Calculate L1 Sensitivity for Count Queries
Description
For count queries, the sensitivity is 1 (adding/removing one record changes count by 1)
Usage
sensitivity_count()
Value
Numeric sensitivity value
Calculate L2 Sensitivity for Mean Queries
Description
For mean queries with bounded data
Usage
sensitivity_mean(lower, upper, n)
Arguments
lower |
Lower bound of the data range |
upper |
Upper bound of the data range |
n |
Sample size |
Value
Numeric sensitivity value
Calculate L1 Sensitivity for Sum Queries
Description
For sum queries with bounded data, the sensitivity is the maximum change in the sum when one record is substituted (changed from any value to any other value in the range).

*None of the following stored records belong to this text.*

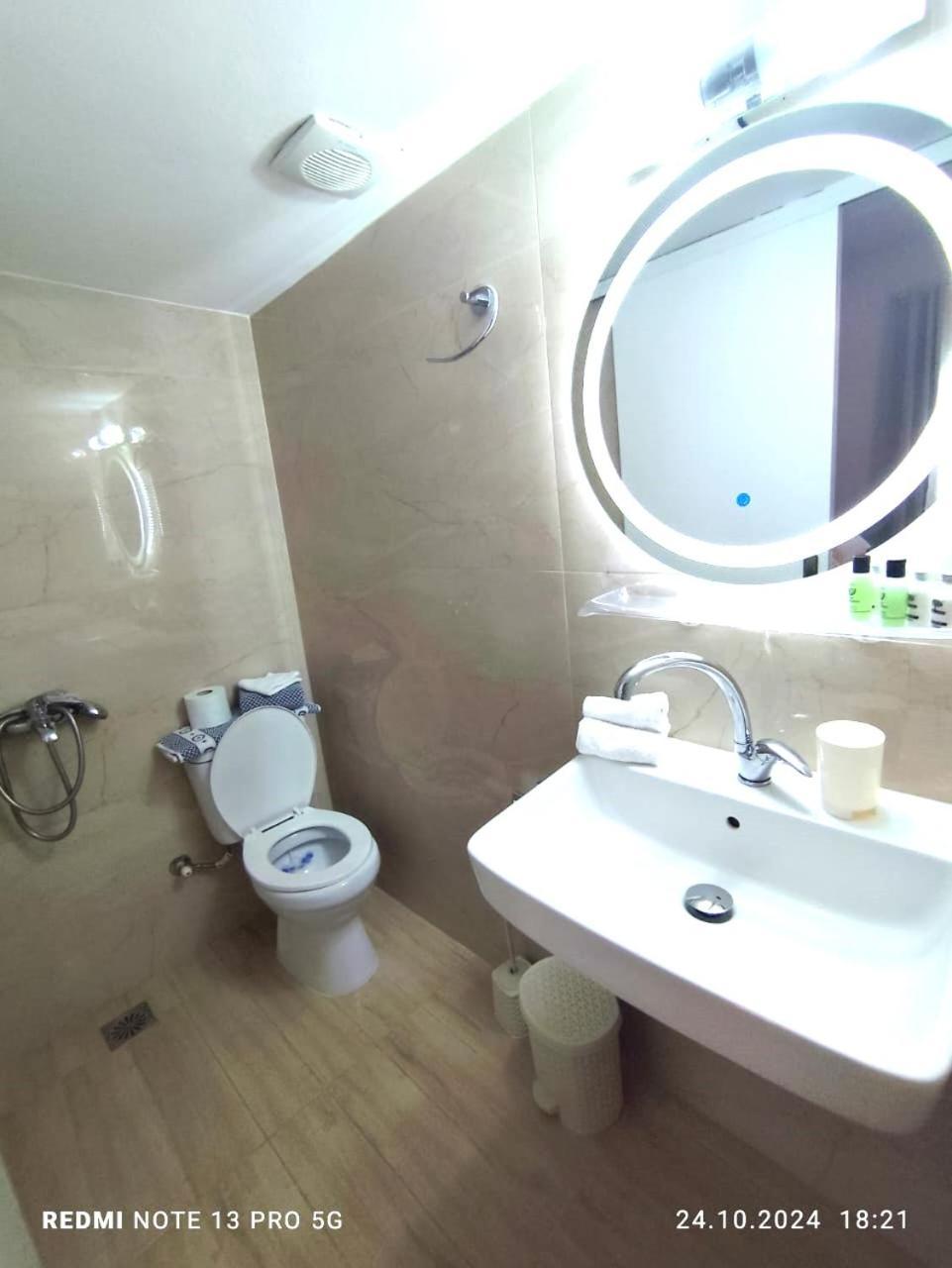Libyan Anima Maisonette & Double Rooms Paleokhóra Eksteriør bilde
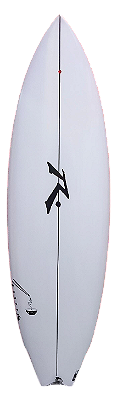 Prancha De Surf Rusty Modelo MISO 5'9'' - 31,70 L EPS - FCS2 Nova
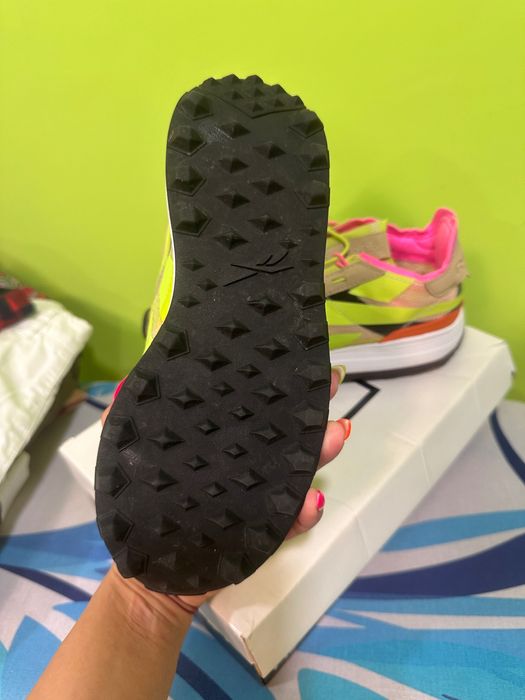 Маратонки Reebok’s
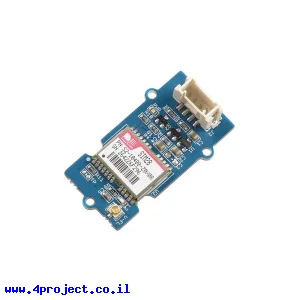מודול GPS SIM28 66 channel - חיבור Grove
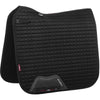 LeMieux Schabracke Luxury Square Dressur Schwarz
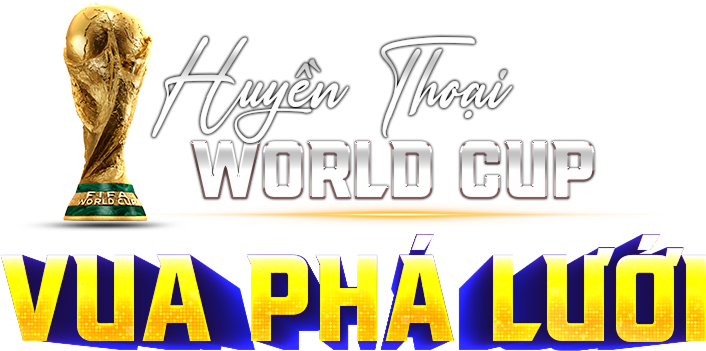 Huyền Thoại World Cup - Vua Phá Lưới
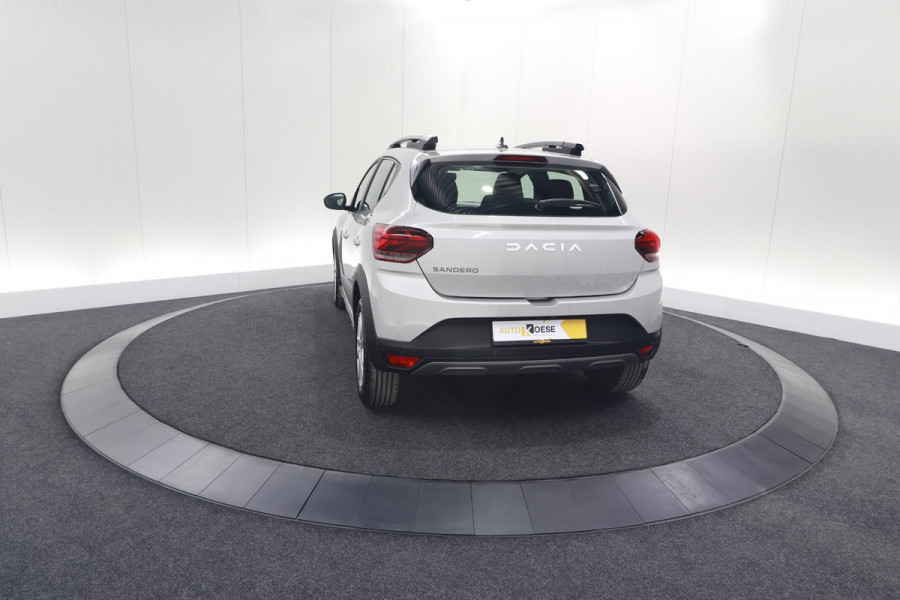 Dacia SANDERO Stepway TCe 90 Expression | Camera | Dodehoekdetectie | Navigatie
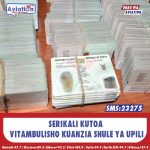 MOTO WATEKETEZA NYUMBA ZA MAGEREZA LANG’ATA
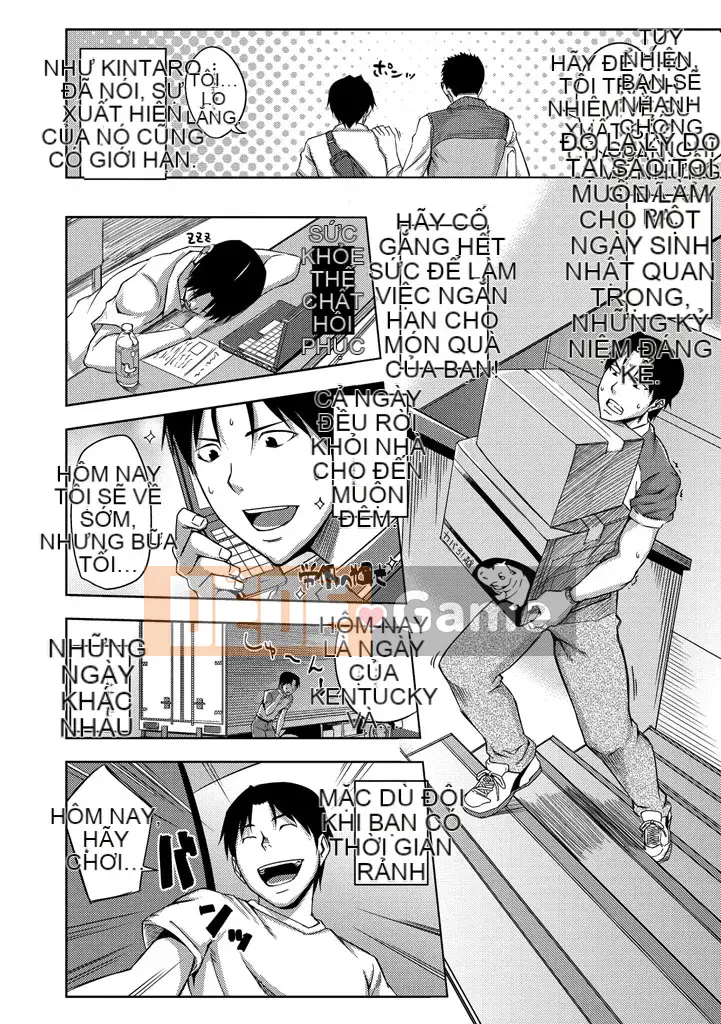 [Urushima Yoon] Holic tình dục [Kỹ thuật số]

This uses the standard substitution model for differential privacy.
Usage
sensitivity_sum(lower, upper)
Arguments
lower |
Lower bound of the data range |
upper |
Upper bound of the data range |
Value
Numeric sensitivity value
Spend Privacy Budget
Description
Records a privacy expenditure and updates the budget
Usage
spend_privacy_budget(
budget,
epsilon_spent,
delta_spent = 0,
operation_name = NULL
)
Arguments
budget |
A privacy budget object |
epsilon_spent |
Epsilon spent on the operation |
delta_spent |
Delta spent on the operation (default: 0) |
operation_name |
Name/description of the operation (optional) |
Value
Updated privacy budget object